Financial terms of the deal, which IBM announced at the RSA Conference 2016 in San Francisco, were not disclosed.
“We have a nice portfolio; it’s like an immune system we’ve been putting together for the prevention and detection of security threats, primarily in software and services,” Marc van Zadelhoff, general manager of IBM Security, told eWEEK. “What this acquisition does is it really helps us double down in the area of response. Detect and prevent is one area that we spend a lot of time in.”
However, IBM has had an existing services team you could call in when there was an attack—sort of like a “Ghost Busters” incident-response team, van Zadelhoff said. “But we’re announcing Resilient Systems will be joining us,” he said. “And they are the leading incident-response platform. It’s a real nice fit on top of our portfolio. Our 6,000 QRadar customers have been asking us to get more into this area. There’s also our BigFix, Guardium and our managed services team that will all be leveraging this capability as Resilient comes on board.”
IBM is in the midst of a transformation to focus on a core set of growth imperatives: cloud, analytics, mobile, social and security (CAMSS).
“We’ve seen those imperatives grow quickly over the last couple of years,” van Zadelhoff said. “We launched the security business unit about four and a half years ago.
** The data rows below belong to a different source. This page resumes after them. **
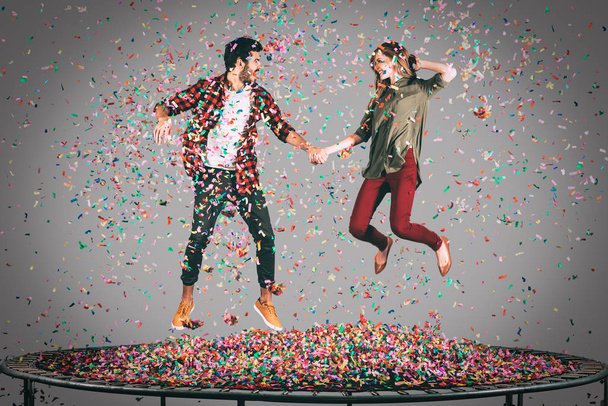 cheerful couple jumping on trampoline  - Фото, зображення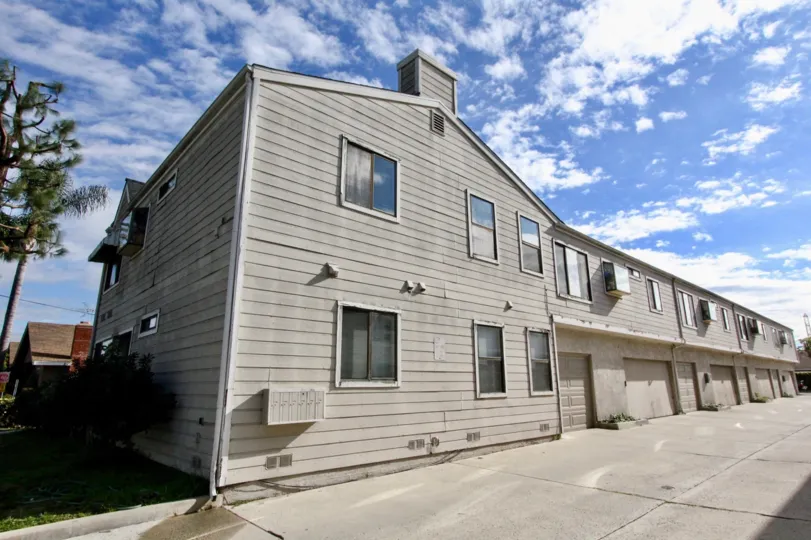 A plain two-storey apartments in the Cerritos Manor community with wooden cladding.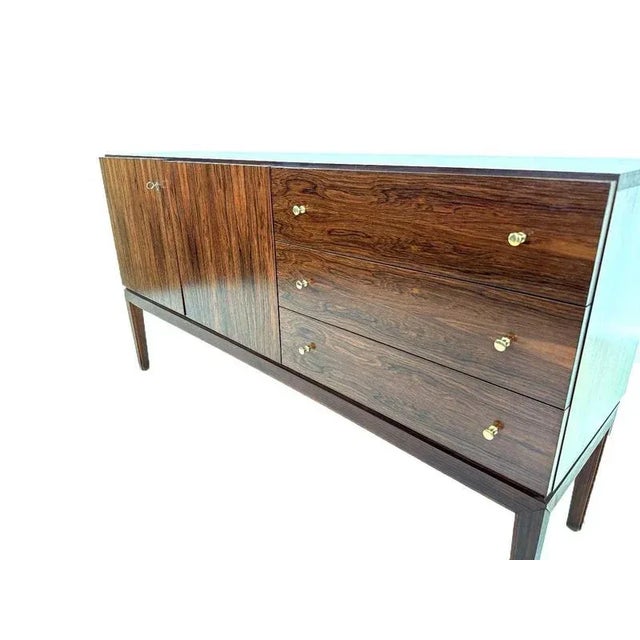 vintage Palette Möbelwerk sideboard, produced in the 1970s in Germany. The sideboard has two doors and three drawers with...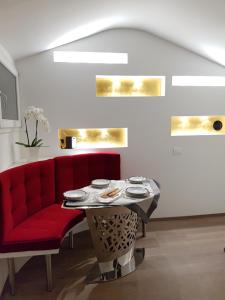 un canapé rouge et une table dans une pièce dans l'établissement Tetti Rossi, à Bologne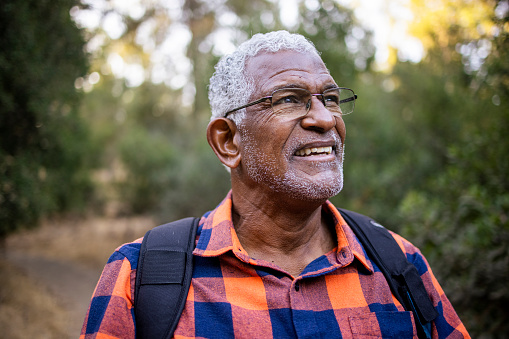 A senior black man with white hair hiking outdoors.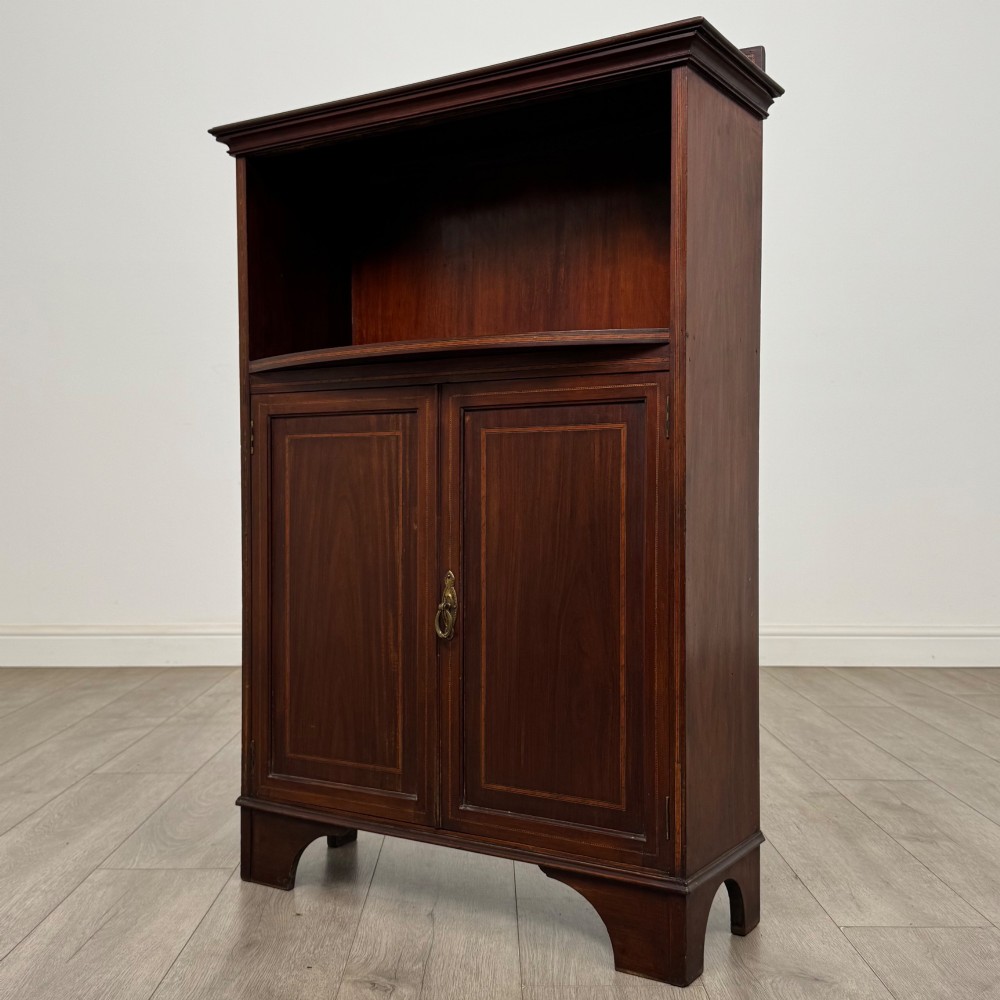 An Edwardian dark mahogany cabinet with an open upper shelf, two lower inlaid cupboard doors, and shaped bracket feet. View IV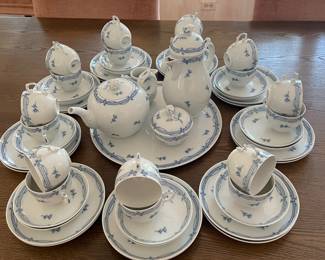 Forstenberg Porcelain Set features coffee and tea pots, cream and sugar, cake/sandwich serving plate, bowl saucers, cups and cake plates.  Set for 18, missing 1 bowl saucer.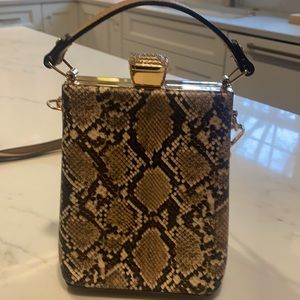 Neutral color snakeskin look clutch/crossbody bag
It crosses software and services and is focused toward the CISO [chief information security officer]. We’ve become one of the biggest enterprise players and I see no lack of appetite by IBM to continue to invest and help us grow this business.”
IBM Security has been building its business up over the last couple of years. In 2015, the unit became a $2 billion business for IBM, grew 12 percent and hired 1,000 people over the last year to amass well over 6,000 people in the unit.
IBM Security is growing at about two times the market average, and in prevention and detection, Big Blue already is the market leader, van Zadelhoff said. Meanwhile, the security market is consolidating, with many of the pure-play providers beginning to struggle. “So we’re already the leader in the one big pillar in the market,” he said. “Incident response is the other and we’re investing in the leader with this. We’re going after the next segment of the market very aggressively.”
The Resilient Systems team consists of about 100 people situated just across town from IBM Security’s headquarters in the Kendall Square area of Cambridge, Mass., van Zadelhoff said. “Our headquarters is in Cambridge; they’re based in Cambridge and their management team is outstanding,” he noted. “They have some really brilliant players like Ted Julian, Bruce Schneier and John Bruce. These guys are known players in the space. There are other players in the incident response space, but these guys are leading the pack.”
IBM to Buy Resilient Systems in Security Incident-Response Play
“The background for IBM’s purchase of Resilient is the changing nature of cyber-threats to businesses, which have moved from random individual incidents to systematic assaults funded by organized criminals and hostile governments,” said Charles King, principal analyst at Pund-IT. “It’s as if cyber-criminals have evolved from being dedicated terrorists to becoming well-organized military organizations.”
Describing the Resilient technology in a blog post, John Bruce, CEO and chairman of Reslient Systems, said: “We built the industry’s first Incident Response Platform (IRP). Now in version 25, it seamlessly connects with the myriad of security tools used by organizations today, creating an intelligent incident response hub. It brings together people, processes and technology with the potency and intelligence needed to fight today’s cyber battles.”
On the services side, IBM has a team of folks doing incident response and that the company beefed up, and Big Blue is making those services available in its portal where over 4,000 managed services customers can log in and initiate an engagement when they have experienced a security incident, van Zadelhoff said.
“Combining our knowledge and expertise with IBM is a perfect fit culturally and technologically,” said Bruce in his post. “We’re already integrated with IBM QRadar and IBM App Exchange in production environments, and the opportunity to deepen that integration and extend it into other IBM technologies makes for a compelling solution for our joint customers.”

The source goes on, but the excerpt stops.